On June 15, 2013, Respondents entered into a new collective bargaining
agreement (2013 [CBA]) covering September 1, 2013 through August 31, 2014.
The 2013 [CBA] included the agency shop language from the Respondents’ 2012
[CBA]. On September 22, 2014, Respondents entered into a successor collective
bargaining agreement (2014 [CBA]) containing the same agency fee language and
covering the period from September 22, 2014 through August 31, 2015.
As explained in the ALJ’s proposed decision:
On August 20, 2015, [charging party] Conwell sent a letter to the MEA
resigning his union membership. Conwell also stated in his letter that the agency
fee clause in the Respondents’ collective bargaining agreement expiring on
August 31, 2015, was illegal under Michigan’s “Right to Work” law.
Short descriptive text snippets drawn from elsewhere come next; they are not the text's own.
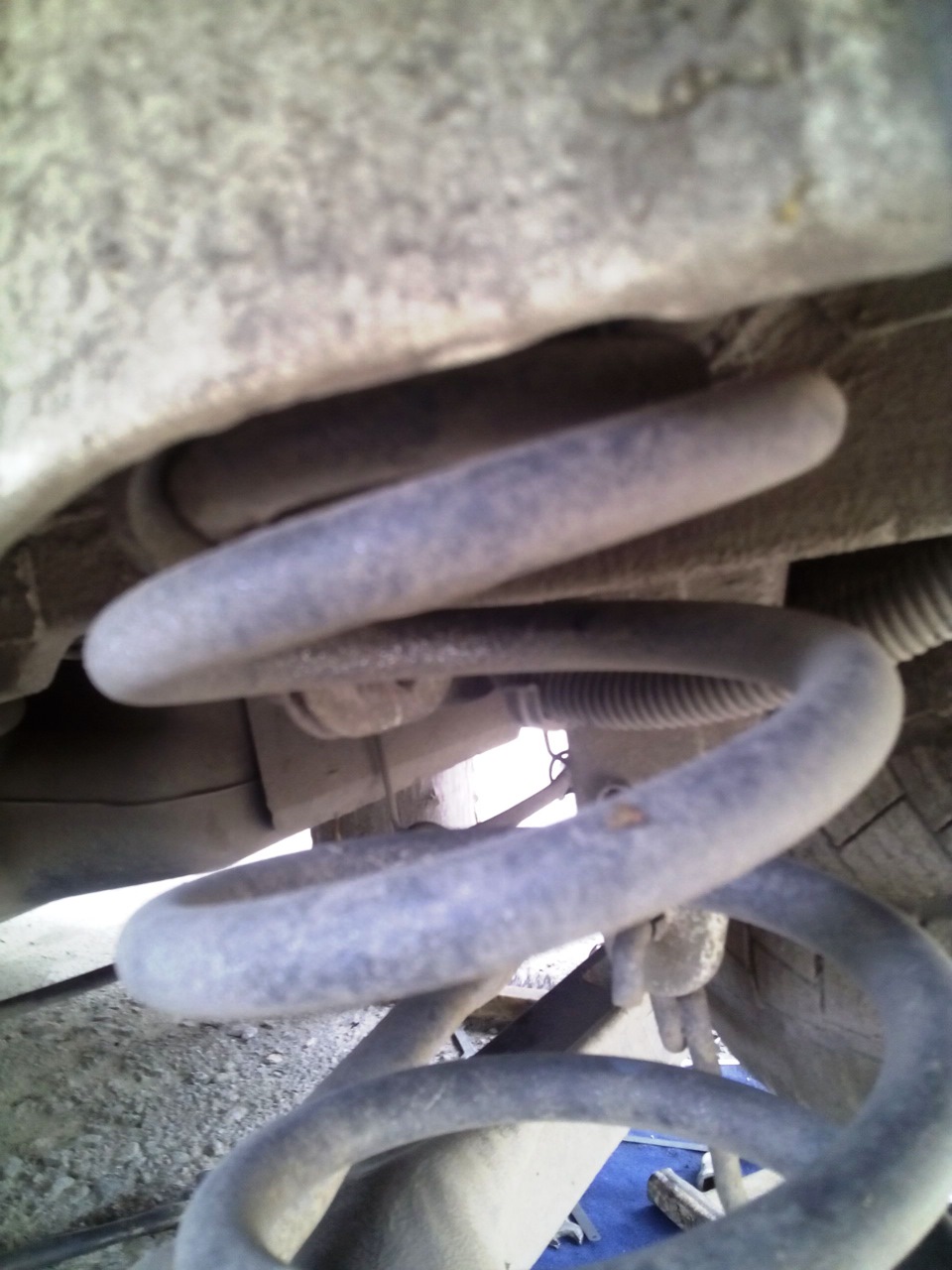 сайлентблоки ВАЗ 2108-2109 в заднюю балку СКУДО — FIAT Scudo I, 2 л ...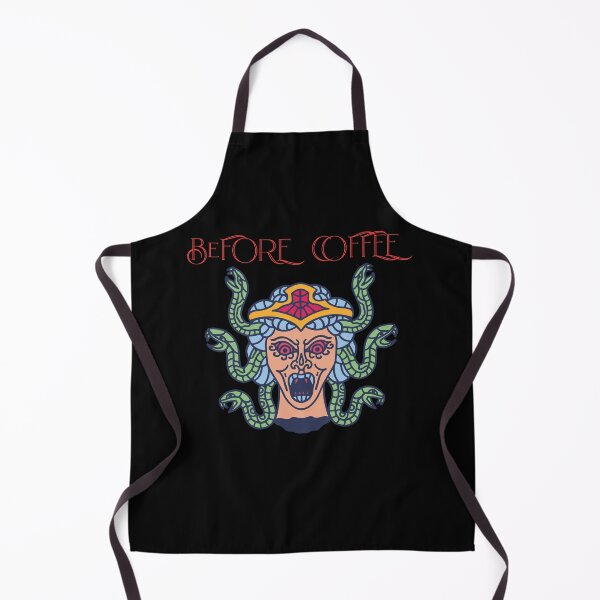 Item preview, BEFORE COFFEE-BY SAGFABULOUS designed and sold by SagFabulous.
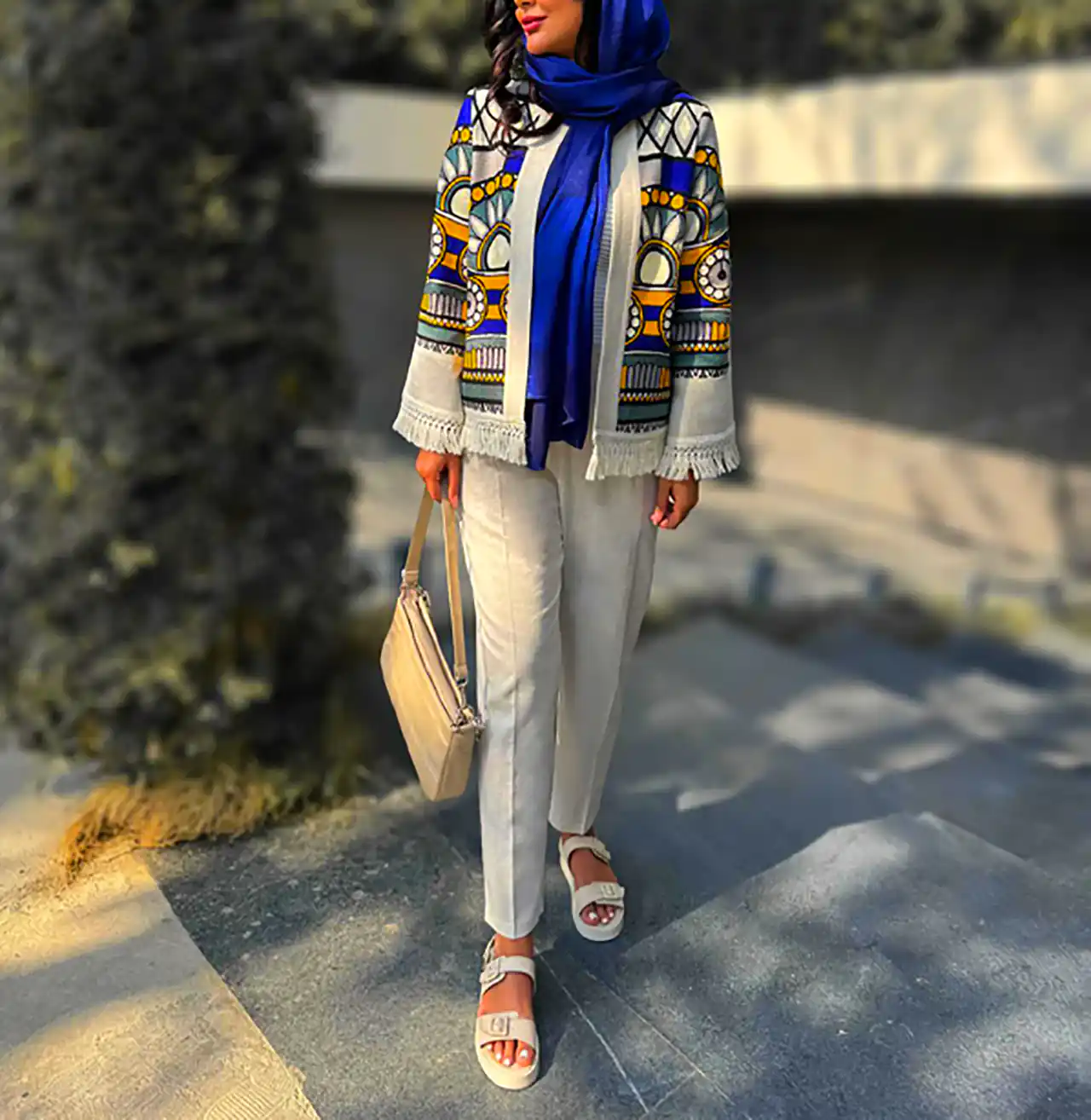 مانتو لوکس برای استفاده روزمره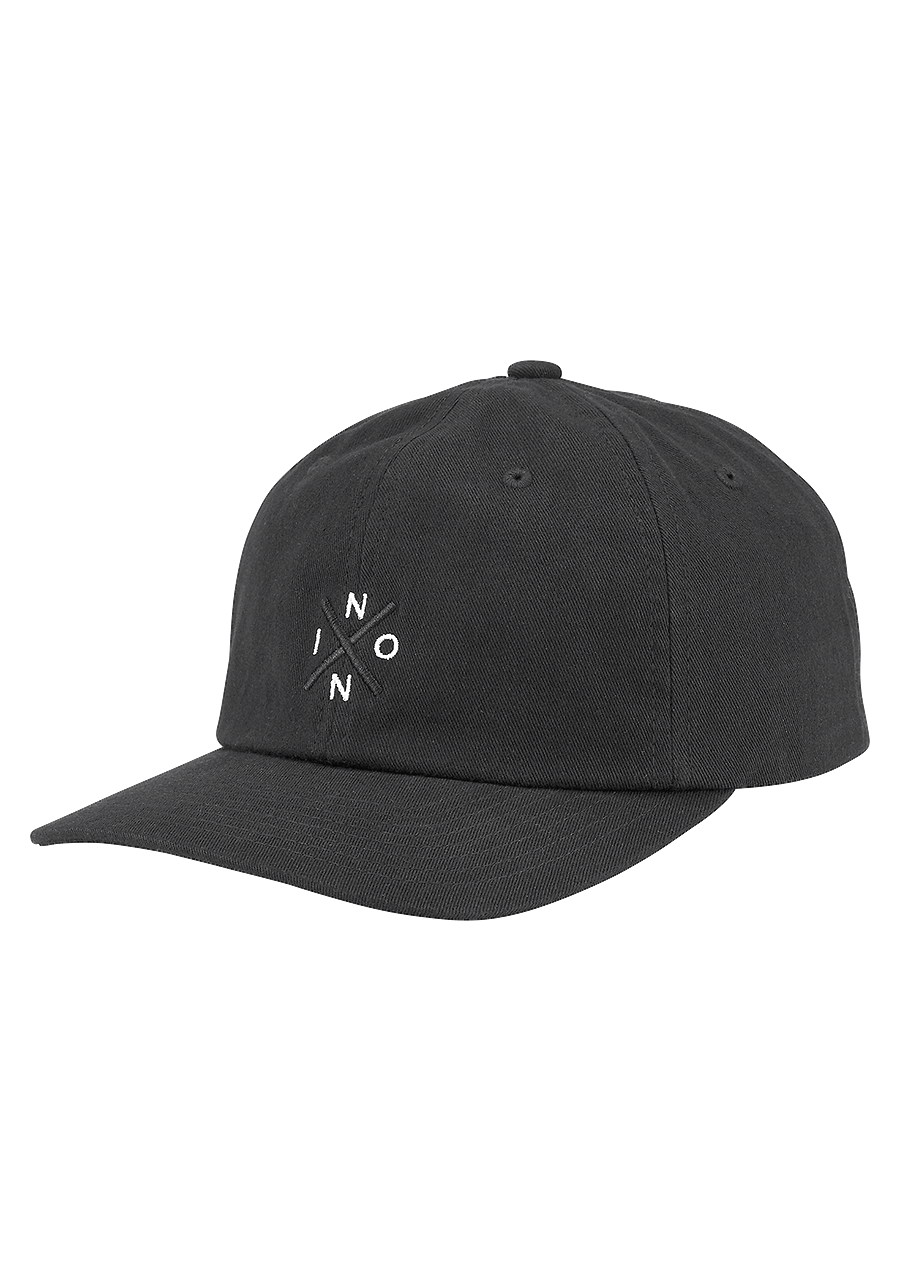 Prep Strapback Black View 1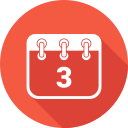 calendario icon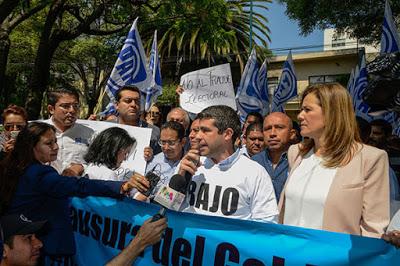 NECESARIO RECONOCER PRESENCIA DE CRIMEN ORGANIZADO EN LA CDMX: MAURICIO TABE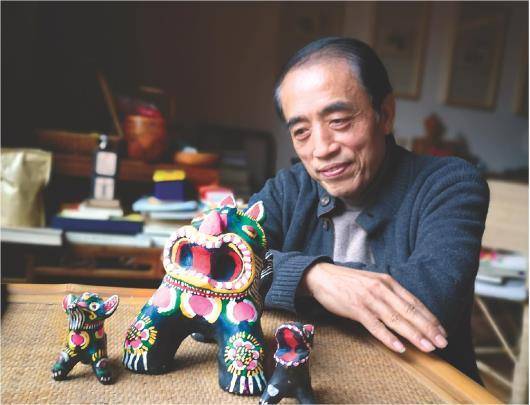 李学明简介(李学明:春归至此 甚合心意)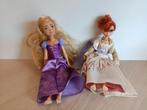 Rapunzel en Anna en Olaf (Frozen), Kinderen en Baby's, Speelgoed | Poppen, Ophalen, Gebruikt, Barbie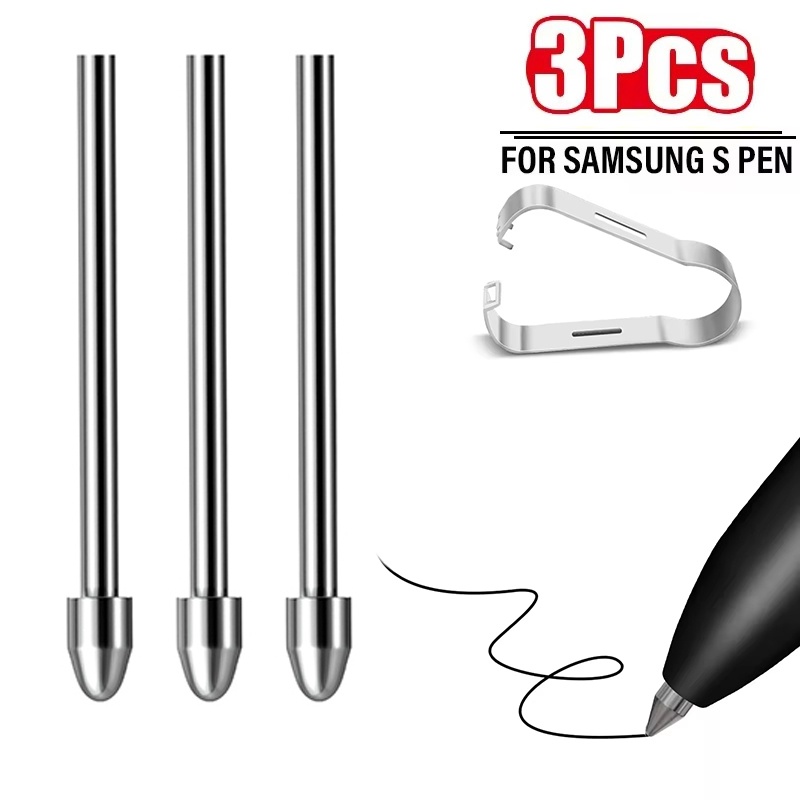 Tablet Accessories For Kids - Ujung Pensil yang Dapat Diganti untuk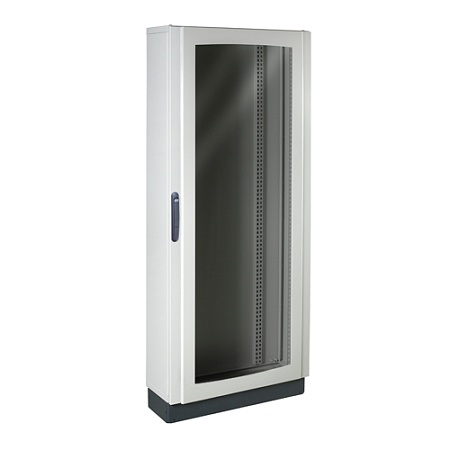 IP40-IP55 Корпус щита стальной (192-288 модулей) арт.40ENL216-288PT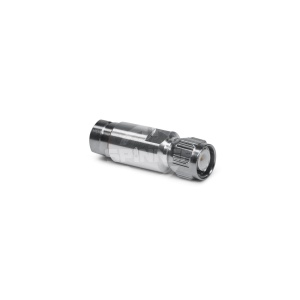 TNC wtyk skręcany na kable fiderowe 1/4"  typu LCF14-50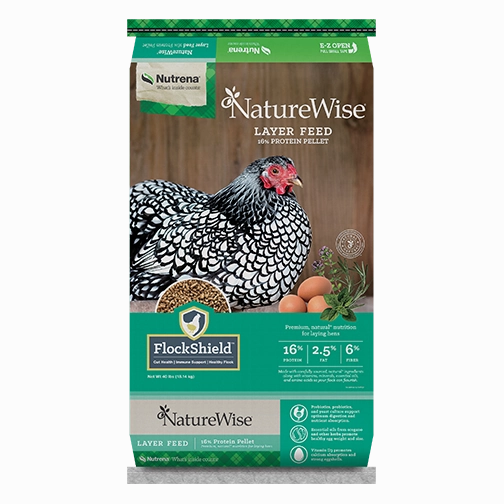 NatureWise Layer 16% Pellet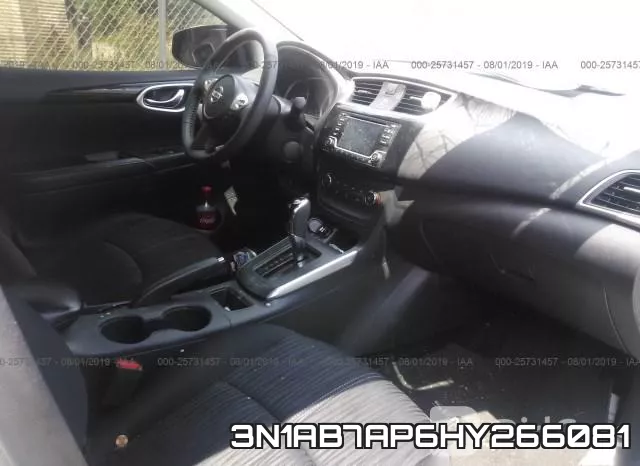 3N1AB7AP6HY266081 фото 6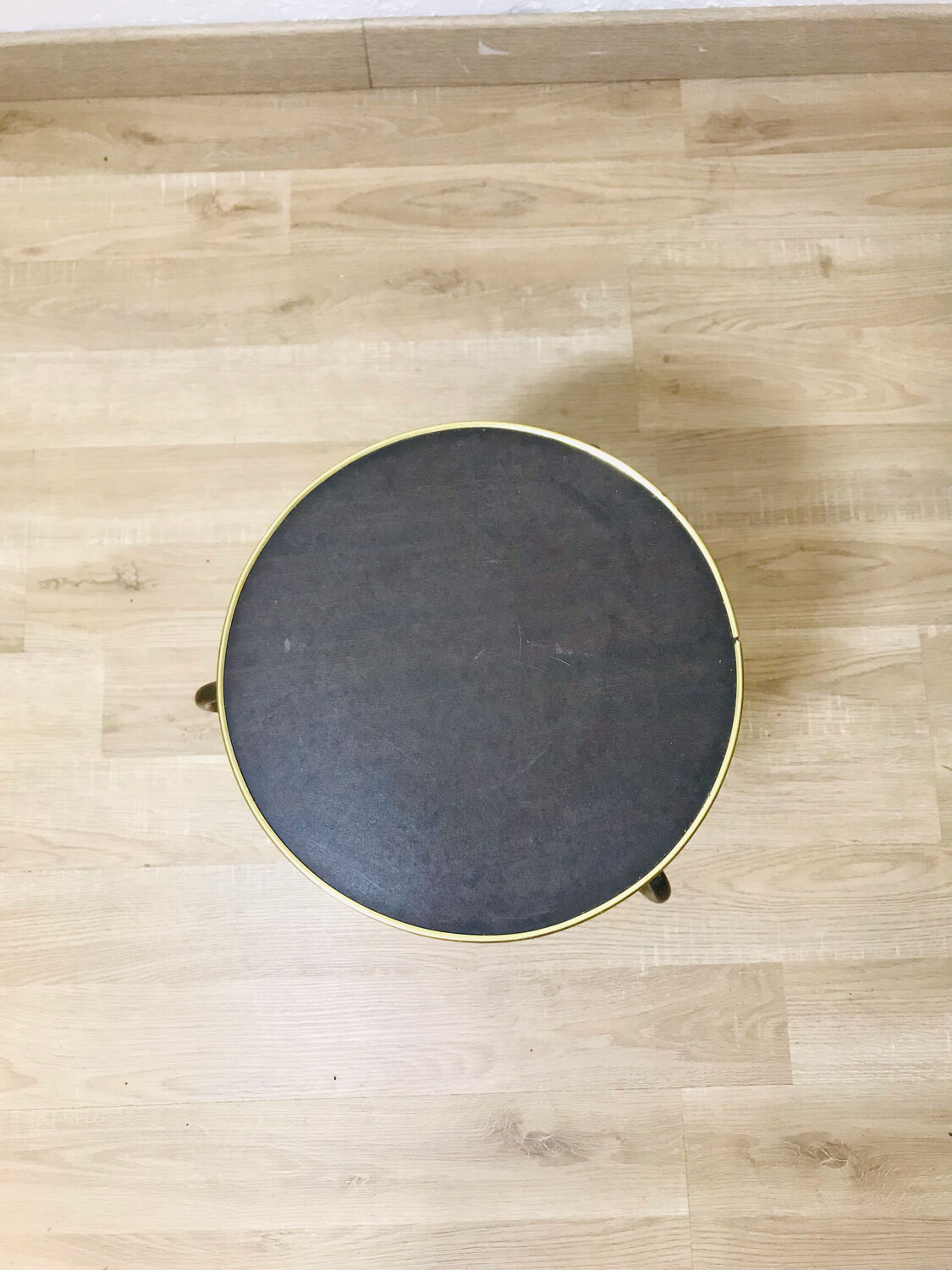 Fifth wheel plant holder 60'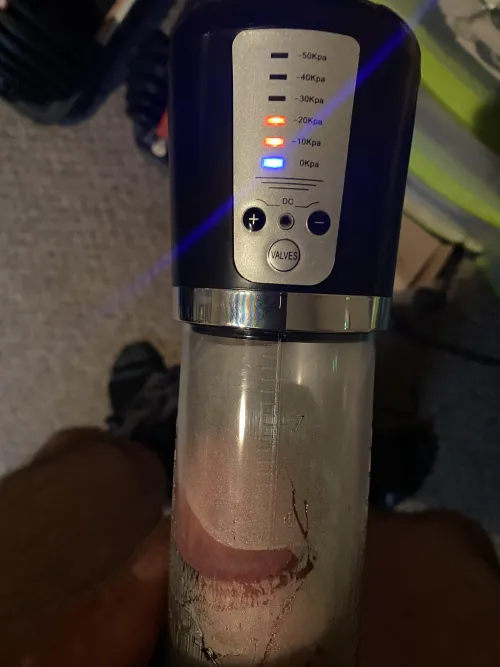 53 and first time posting. Also first time pumping.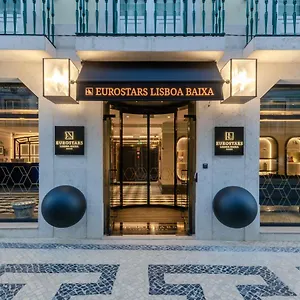 Hotel Eurostars Baixa, Lizbona
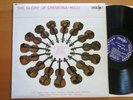 MUCS 104 ED1 The Glory Of Cremona Ruggiero Ricci NEAR MINT MCA Stereo LP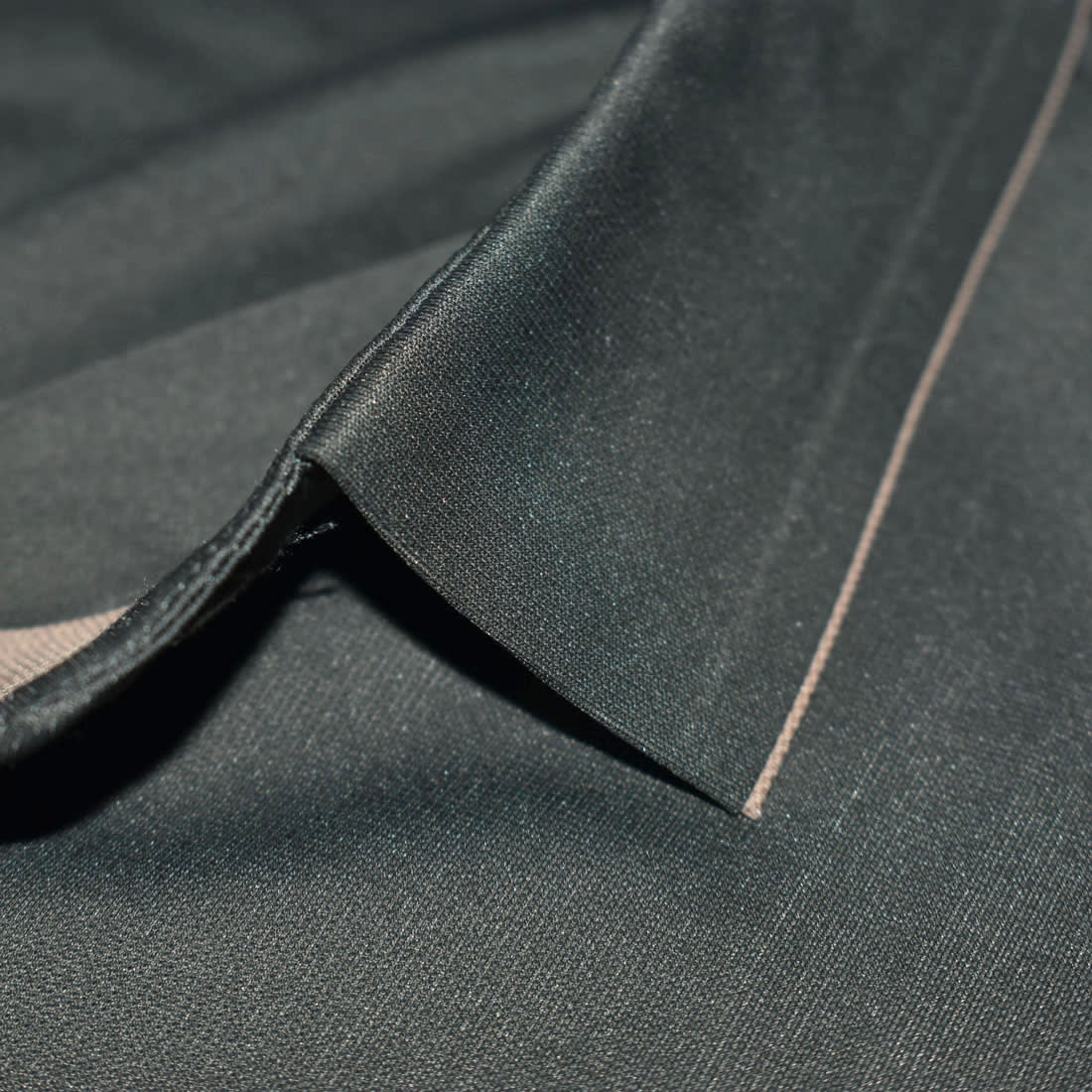 Dior Dark Green Premium Quality Polo Tees-4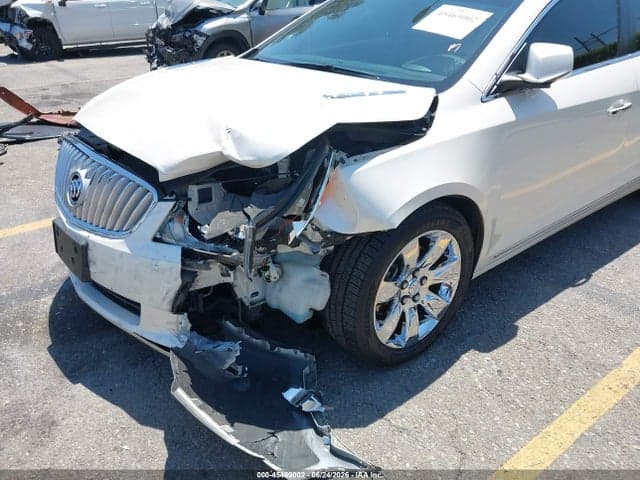 2012 BUICK LACROSSE PREMIUM 6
Conwell
went on to inform the Union that he expected immediate release from all
obligations of membership and, if he could currently be lawfully compelled to pay
union fees under Michigan law as a condition of his employment, that he invoked
his rights under Abood [v Detroit Bd of Ed, 431 US 209; 97 S Ct 1782; 52 L Ed
2d 261 (1977), since overruled by Janus v American Federation of State, Co, &
Mun Employees, Council 31, ___ US ___; 138 S Ct 2448; 201 L Ed 2d 924
(2018)]. Conwell received a reply from the MEA dated August 31, 2015, stating
that it had accepted his resignation, but that he was “a member of a bargaining
unit that has a collective bargaining agreement in effect which requires all
members of the bargaining unit, as a condition of employment, to either be
members of the Association [i.e., respondent unions] or to pay a fair share fee to
the Association.”
On or about September 1, 2015, Respondents entered into another
collective bargaining agreement for the term September 1, 2015, through June 30,
2017. This agreement included the same agency fee clause as the previous
agreements, but included a clause stating that the article was “null and void and of
no further force and effect after June 30, 2016, in accordance with the
Memorandum of Understanding between the District and the Association
executed on March 21, 2013.”
On October 8, 2015, Conwell’s legal counsel sent a letter to the
Respondents asserting that under the terms of the 2013 MOU, the new Right to
Work Law fully applied to Conwell and other members of his bargaining unit the
day after the successor agreement referenced in the first paragraph of the 2013
MOU expired. According to Conwell’s counsel, this was September 1, 2014.
The letter argued that the agency fee clauses in the [2014 CBA] and [2015 CBA]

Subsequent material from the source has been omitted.